EKL Alpenföhn Simm Zub passive DRAM/VRAM-Chip Kühler (84000000063) Preisvergleich | Geizhals Deutschland


----------



## MaxPa (15. November 2013)

Die hatte ich ja im ersten Post erwähnt ^^ was mir aber sorge macht, dass er nicht richtig passen könnte...


----------



## drebbin (15. November 2013)

Also ich habe erst vor 3Tagen einen ACX(7970, aber für die Montage ist es ja das gleiche) auf meine 7950 getackert und das ankleben der Kühlelemente ist alles andere als schwierig


----------



## MaxPa (15. November 2013)

Ne bei ihm passte ja auf die 290x der Chip-Kühler nicht so richtig... :-/


----------



## M4xw0lf (15. November 2013)

Die Spannungswandler sind bis 150 °C spezifiziert. Da wird nix gegrillt, auch wenn die bei 120 °C vor sich hin glühen


----------



## MaxPa (15. November 2013)

M4xw0lf schrieb:


> Die Spannungswandler sind bis 150 °C spezifiziert. Da wird nix gegrillt, auch wenn die bei 120 °C vor sich hin glühen


 
das klingt schon iwie krass ^^


----------



## drebbin (15. November 2013)

Nehmen wir halt alle Wachteleier, bauen die Lüfter ab, Eier auf die Graka und dann 1-2 mal wenden


----------



## MaxPa (15. November 2013)

haha  Das funtzt, das hat mal einer ausprobiert auf ner Passiv gekühlten Karte


----------



## hwk (15. November 2013)

-Shorty- schrieb:


> Der TE spricht vom Pad, da gibts überhaupt keine Probleme.  ...
> 
> Hab selber 2 Pads auf CPU+GPU im Laptop und 1x auf meiner 770GTX mit AC-X3, 55°C max. Da die Pads weit weniger Aggressiv sind gibt da selbst mit Alu keine Probleme.


 
Es wäre trotzdem ungünstig (Flüssig)metall, ob nun Pad oder nicht auf GPUs ohne Heatspreader drauf zu packen, weil neben dem die noch Widerstände etc. sind, wäre ungünstig auch schon bei kleinen Mengen die vielleicht rauslaufen. Auf meiner 770 hätte ich auch nie (Flüssig)Metall benutzt.


----------



## Rizoma (16. November 2013)

hwk schrieb:


> Es wäre trotzdem ungünstig (Flüssig)metall, ob nun Pad oder nicht auf GPUs ohne Heatspreader drauf zu packen, weil neben dem die noch Widerstände etc. sind, wäre ungünstig auch schon bei kleinen Mengen die vielleicht rauslaufen. Auf meiner 770 hätte ich auch nie (Flüssig)Metall benutzt.

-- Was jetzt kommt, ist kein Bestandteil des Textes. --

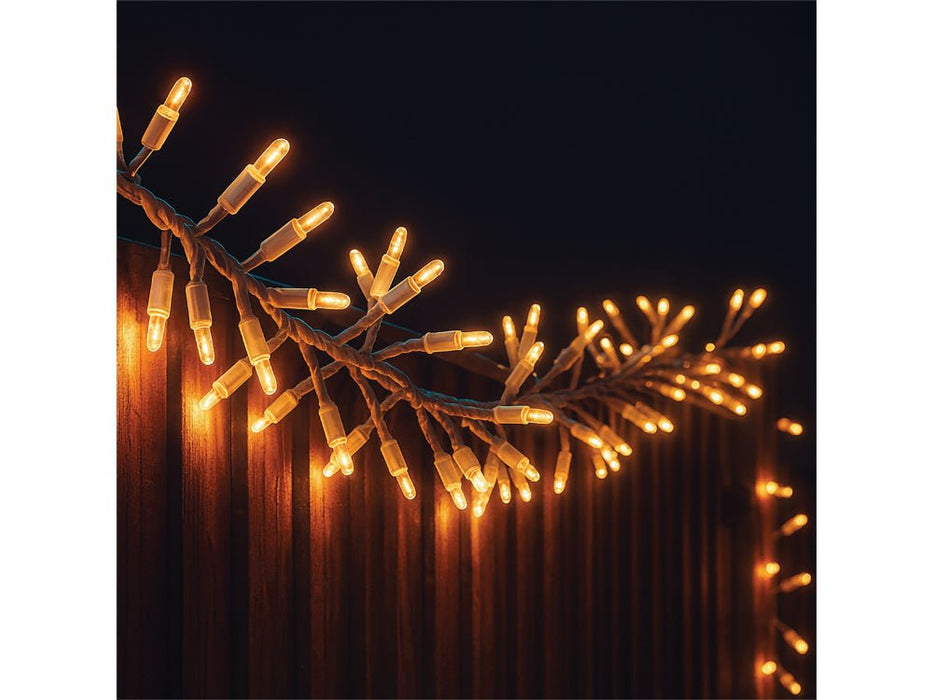 Eagle Connect LED Cluster Lights - Copper/Gold_Christmas Lights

Wo ist das Problem ich habe Flüssigmetall auch in meinem ehemaligen Notebook benutzt und bei dem Gab es keine Heatspreader sondern nur Kupfer von den Heatpipes und das blanke DIE mit vielen kleinen Bauteilen drum herum. Man muß nur sehr genau arbeiten dann klappt das für jemand mit 2 linken Händen ist das natürlich nix aber den würde ich auch vom Umbau abraten


----------



## MaxRink (16. November 2013)

1. Lohnt nicht. Flüssigmetall ist kaum besser als ne Gelid GC Extreme. 2. Tausch dann mal den Kühlkörper wegen einer RMA.


----------



## -Shorty- (16. November 2013)

Tausch ist kein Problem mit den Pads. Und ob das lohnt muss jeder für sich entscheiden, kann die Pads trotzdem weiterempfehlen. Nicht gleich alles verteufeln.


----------



## MaxPa (16. November 2013)

ok, aber man muss die mit nem Stahlschwamm entfernen oder ? Weil dafür die Karte pzw. den Chip zerkratzen will ich auch nicht.


----------



## Ryle (16. November 2013)

Wenn man das Ding irgendwann wieder wechseln will ist das nicht zu empfehlen. Bekommste schwer vom Kühler ab das Zeug und du musst sehr sauber arbeiten, gerade wenn du direkt auf die Thermik vom DIE aufträgst. Wenn du auch nur ein Staubkorn mit einschließt kann sich das einbrennen, was dir dann eventuell irgendwann den Chip killt.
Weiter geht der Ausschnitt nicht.